The Sixth Circuit Court of Appeals (federal court system) has ruled that an insurance carrier need not provide an insured with any of its investigation prior to the taking of an examination under oath.  Many times, the insureds or their counsel, will request certain documentation from the file before the examination under oath is taken.  The Sixth Circuit has addressed these questions in the recent case of Lester v. Allstate Property and Casualty Insurance Company, Case No. 13-6070 (appealed from the United States District Court for the Eastern District of Tennessee at Knoxville)(download PDF here). 

 

In that case, Allstate demanded an examination Under Oath, and the insured responded by stating that she and her husband would submit to the examination only if Allstate first showed them its investigative file.  The 6th Circuit held that the insurance company is not required to turn over its files prior to taking an EUO, and the insured’s refusal to submit to the Examination without having the opportunity to review the claim file materials was a breach of the policy and warranted denial of the claim.  The seminal language appears at p.2-3 of the opinion:

 

The point of an examination is to allow insurance companies to sort out fraudulent claims from honest ones, exorbitant claims from accurate ones.  Telling the policyholder what the investigation has already uncovered undermines that purpose, as it would allow the policyholder to tailor her answers to the facts already discovered by the company. Suppose the insurance investigator suspects arson.  And suppose his investigation uncovered a potential source of the arson or disclosed that the policyholder had moved some items out of the house shortly before the fire.  That is useful information, particularly for a policyholder suspected of fraud.  Alerted to these suspicions, the policyholder could shape her answers accordingly.

 

 

This seems to me to be the most fair and equitable resolution.  It allows the carrier to gather the most competent, impartial and truthful information. 

 

Is Prejudice Required to Avoid Recovery for Failure to Submit to an Examination Under Oath?

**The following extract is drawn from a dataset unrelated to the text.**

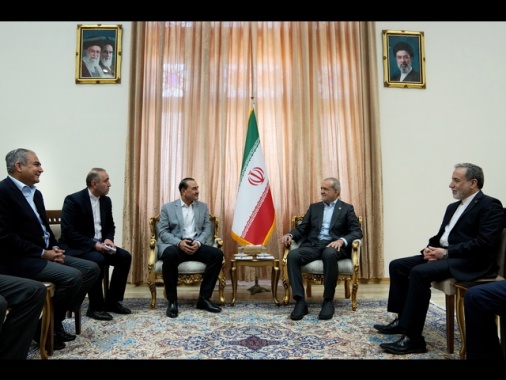 Axios, 'in bozza accordo Usa-Iran tregua 60 giorni, anche in Libano'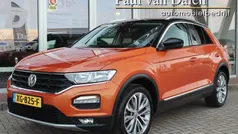 Oranje Gebruikt 2019 VW T-Roc Executive SUV | € 17.815 (Eerlijke prijs)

 Back in 2009, Parks wrote about the Spears v. TFMIC case and correctly cited it for the proposition that an insured must submit to an examination under oath upon request, and that a failure to do so can bar recovery on an insurance claim.  Notably absent from the Spears opinion was any requirement of prejudice in order to avoid payment.  However, the Spears opinion is muddied a bit by a prior decision from the Sixth Circuit Court of Appeals in Talley v. State Farm Fire & Cas. Co., 223 F.3d 323 (6th Cir. 2000), in which the court held that an insurance company must prove prejudice in order to preclude recovery.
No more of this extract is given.